Read more on the subject here.

COMING SOON, AT A HOUSE OF REPRESENTATIVES NEAR YOU: House GOP will launch the climate caucus

House Republicans will launch a caucus on Wednesday to educate its members about climate change.

The effort, led by Rep. John Curtis (R-Utah), will not endorse particular policies, but will instead attempt to give members information, new strategies on how to talk about the issue and possibly even to change your mind about climate change.

Based on personal experience: Curtis told The Hill in an interview on Tuesday that it took him a long time to “get my feet on the climate beneath me” and that he hoped to help his colleagues do the same.

“At first, when I was asked at public meetings if the climate is changing and man influences it, I wasn’t answering this question, I was dodging this question, I don’t think I knew the answer to this question. Curtis said.

“I didn’t really know which solutions were good solutions, I didn’t know which ones I could support,” he said. “It was like, and I think a lot of Republicans think this way, that I had to endorse the Green New Deal if I was to… be part of the solution and a lot of Republicans find it troubling.”

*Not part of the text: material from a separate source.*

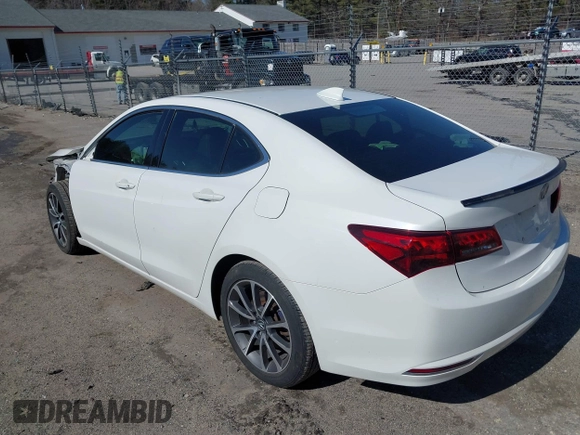 2016 Acura TLX Technology z VIN 19UUB3F5XGA004126, wystawiony jako IAAI lot #41746607 z przebiegiem 82 654 mil mil oraz . Historia ofert i sprzedaży dostępna na DreamBid. Obrazek 3.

Learn more about the caucus here.

A NEW REVIEW: Haaland announces program to examine impact of Native American boarding schools

Secretary of the Interior Deb HaalandDeb HaalandEquilibrium – Presented by NextEra Energy – A New Final Frontier: Washing Dirty Laundry in the Space NIGHT ENERGY: Haaland: No plan “at this time” for a permanent drilling rental ban | Heat wave triggers historically unusual wildfires in the West | Watchdog Calls on Pentagon to Detail Spending on Cleaning Up ‘Chemicals Forever’ Heat Wave Sparks Historically Out of Season Wildfires in the West MORE, the nation’s first Native American Cabinet Secretary, on Tuesday announced an initiative that will examine the legacy of federal residential schools that many Indigenous children were forced to attend.

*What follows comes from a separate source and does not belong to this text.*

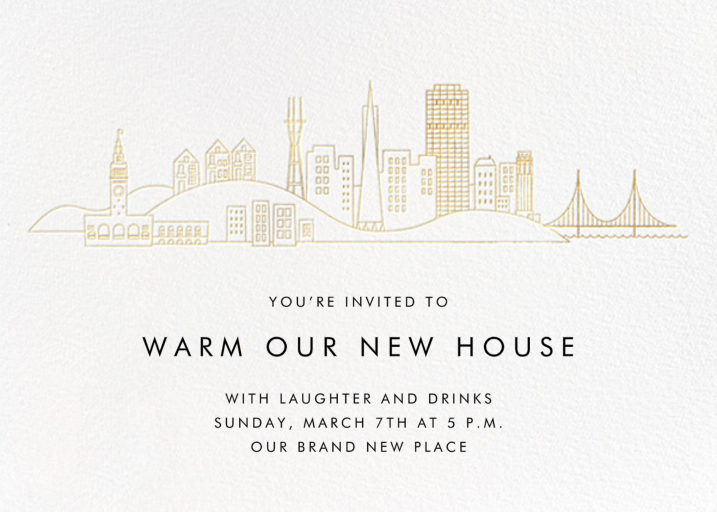 City Skyline View - Housewarming Invitation by paperless_post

Haaland announced the Federal Indian Residential Schools Initiative in remarks at the 2021 mid-year conference of the National Congress of American Indian. The program, which will be carried out under the leadership of Assistant Secretary of Indian Affairs Bryan Newland, will assess the impacts of schools across generations.

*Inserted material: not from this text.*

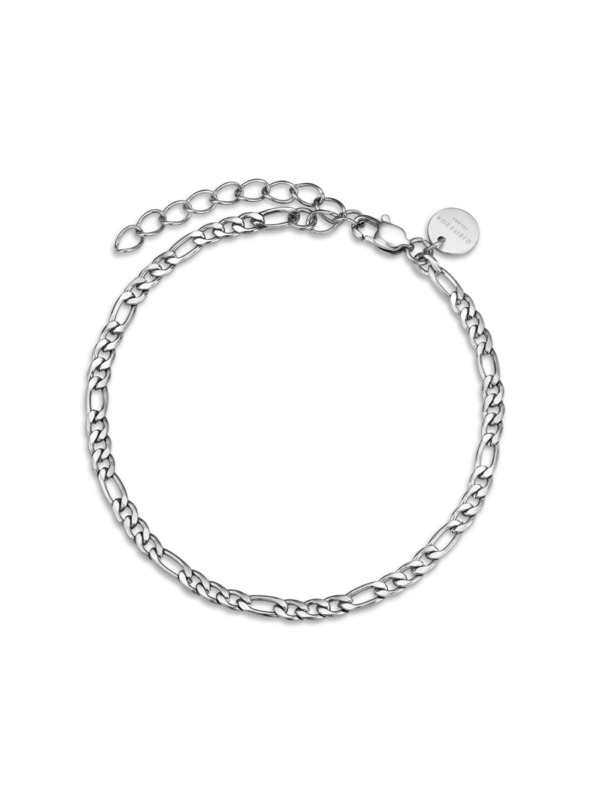 Rosefield Rosefield náramok striebornej farby Figaro Chain JBFCS-J533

The agency chief separately asked the Home Office to prepare a report detailing the initiative’s findings, including files on cemeteries or other possible burial sites linked to the federal residential schools. A mass grave believed to contain the remains of more than 200 children was discovered last month at the site of one such facility in Canada.

Learn more about the program here.

SOME STAFF NEWS: New Appointments for EPA, NOAA



Biden faces climate change conundrum in EU steel tariff negotiations, S&P Global Reports

The bizarre argument that offshore oil is good for the climate, debunked, Vox reports

Australia’s new Deputy Prime Minister casts a shadow over 2050 net zero emissions ambition, Reuters reports

“I woke up sweating”: Some Texans were shocked to find that their smart thermostats were remotely raised, WFAA Reports

ICYMI: Tuesday Stories …

The health of the Chesapeake Bay slightly increases to a C

Haaland announces the program to examine the impact of Indian residential schools

Ossoff introduced solar energy tax credit law

Judge reject the challenge to rewrite Trump’s environmental review rule

Australia fight plans to downgrade the World Heritage status of the Great Barrier Reef

Dead turtles, dolphins wash on the ground after the ship carrying chemicals burns, sinks

EPA revise part of cancer-related chemical regulation after industry request

The man ccharged with violating the Endangered Species Act in the flight of a lemur at the zoo


Biden’s corporate tax hike is bad for growth – try a carbon tax instead, write Alex Brill, resident researcher at the American Enterprise Institute, and Alex Flint, executive director of the Alliance for Market Solutions

OUT OF TIME AND OUT OF TIME: Appreciate this moray eel (and excellent title).